The story of Hyper Rift begins with players taking the role of a character that has just woken up on a spacecraft. Much like the players themselves, the main character has no knowledge of the ship or how they got there. The only thing that is certain is that things don’t seem right, as the ship is largely abandoned and parts of it aren’t fully operational. Although it does move in some predictable ways narratively, I found that much of Hyper Rift‘s narrative turns were pretty unpredictable and interesting. The only notable problem I have with the storytelling is it’s not the best structured adventure as it sports some out-of-sequence text on occasion, but the developer seems dedicated to eliminating these holes through updates.
To steer the action, players can tap one of five buttons at the bottom of the screen to assess their current status, read the current description of what is happening around them, pull up options of things to investigate, move to another room, or pull up the menu. While most of the screen will be covered with text, there are also background floor plans that illustrate the layout of the ship and the rooms being explored.

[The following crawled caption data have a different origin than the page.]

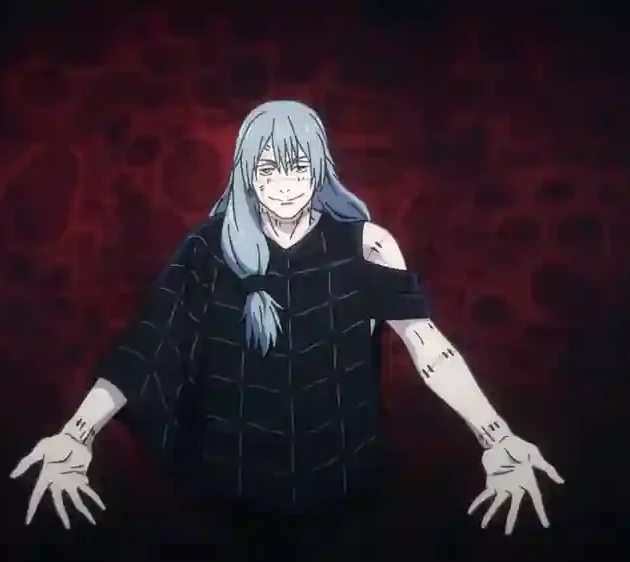 Mahito Jjk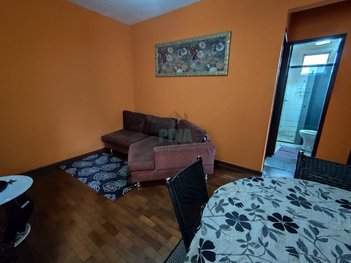 apartment em Rua Vila Rica, Jardim Montanhês - Belo Horizonte - MG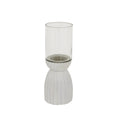 Large Glass Carved-Lantern Product Image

While exploring, players will be gathering items, speaking with other characters, and solving puzzles – some of which will involve math, scientific knowledge, memorization, and logic. If this sounds kind of intimidating, that’s because it is. Although the game embeds ways to figure out all of its puzzles into its narrative, Hyper Rift is unapologetically challenging when it comes to puzzle-solving.
In solving these puzzles, the main problem with Hyper Rift usually rears its ugly head: it definitely does not have a perfect control scheme. Some actions seem to take a few more taps than needed and investigate-able items remain static on the screen so that players have to keep track of what is worthwhile to click on and what isn’t, which can be frustrating. Luckily things move at a pace that allows for these controls to not impact performance. Even during action sequences, players are reading text and making decisions with no time limit pressuring them whatsoever.
As a gamebook, Hyper Rift is hard to be too unhappy with. It’s certainly not perfect, but it makes up for its issues by being challenging and interesting in ways that most other free-to-play story games aren’t. Hyper Rift is definitely worth picking up for anyone interested in interactive fiction adventures.